Work request
Would you please transcribe the records below exactly, leaving out the pictures?

=== Begin Enclosure ===

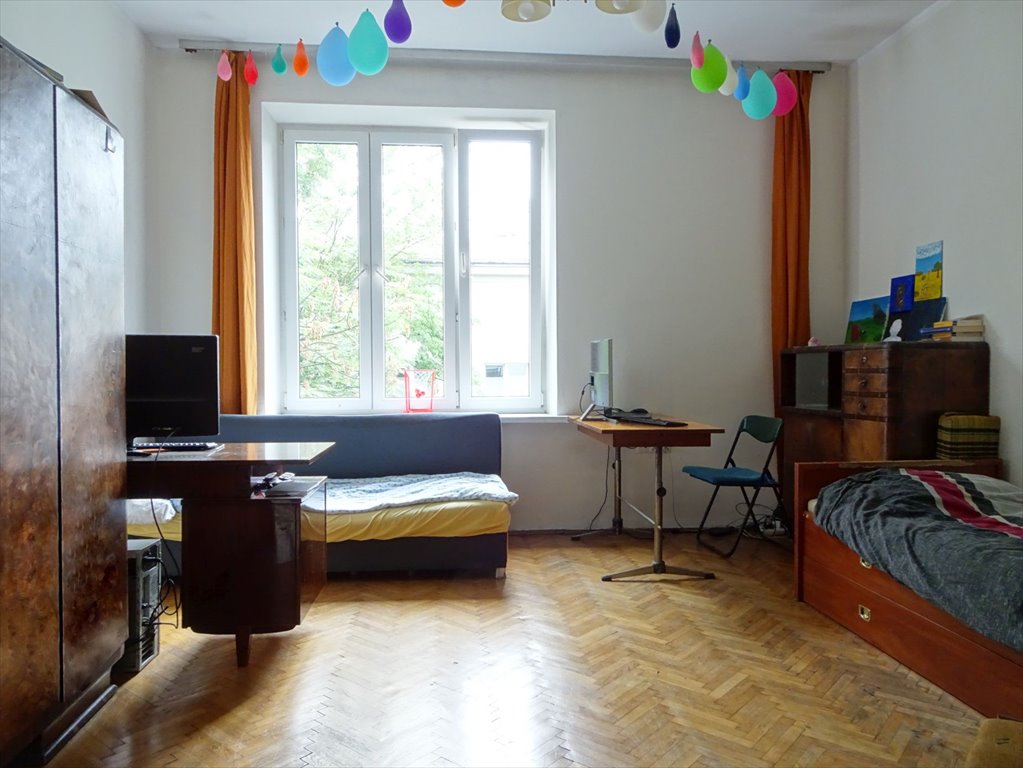 Mieszkanie trzypokojowe na sprzedaż Kraków, Krowodrza, Urzędnicza  63m2 Foto 4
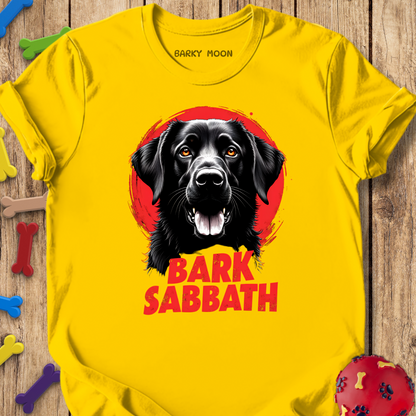 Bark Sabbath T-Shirt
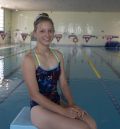 Alejandrina Scorik: “Salimos porque no podía nadar. La piscina donde entrenaba no existe”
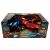 Набор Машинок Jada Toys Р/У Battle Machines Trucks 1:16 R/C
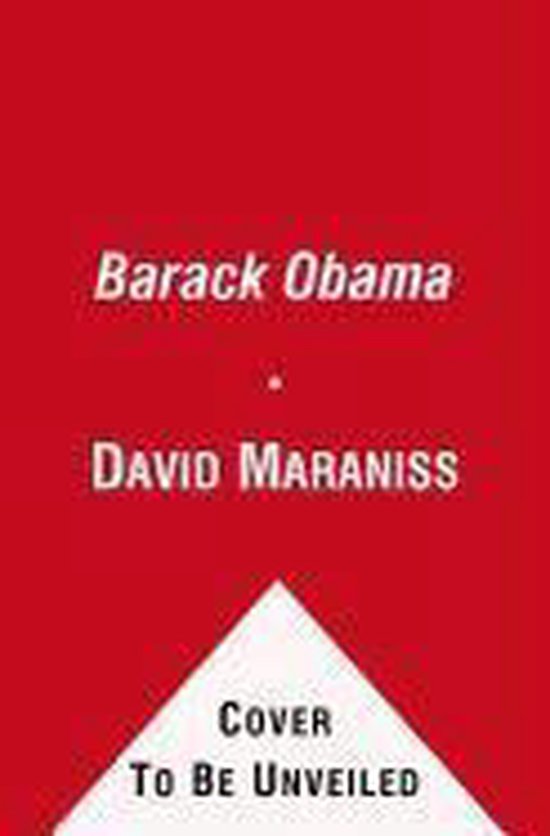 Barack Obama - cover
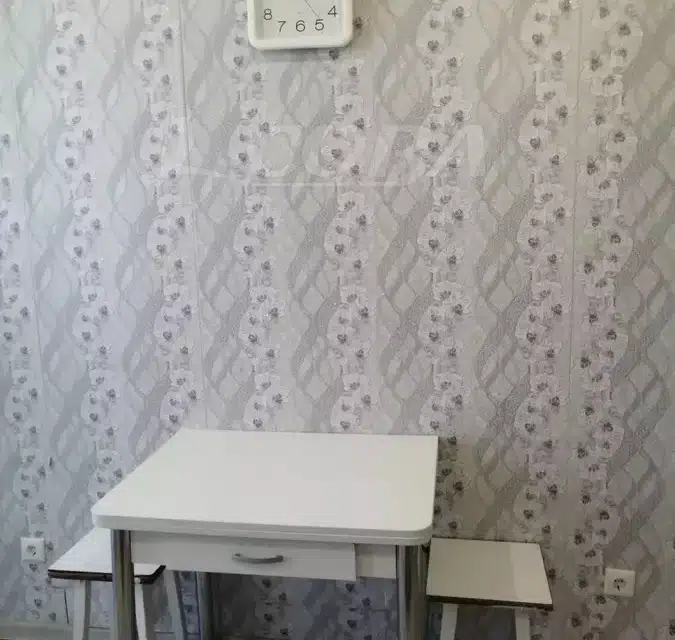 Сдаётся 1-комнатная квартира, 34 м²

=== End Enclosure ===

Worked solution
 Mieszkanie trzypokojowe na sprzedaż Kraków, Krowodrza, Urzędnicza  63m2 Foto 4
 Bark Sabbath T-Shirt
 Alejandrina Scorik: “Salimos porque no podía nadar. La piscina donde entrenaba no existe”
 Набор Машинок Jada Toys Р/У Battle Machines Trucks 1:16 R/C
 Barack Obama - cover
 Сдаётся 1-комнатная квартира, 34 м²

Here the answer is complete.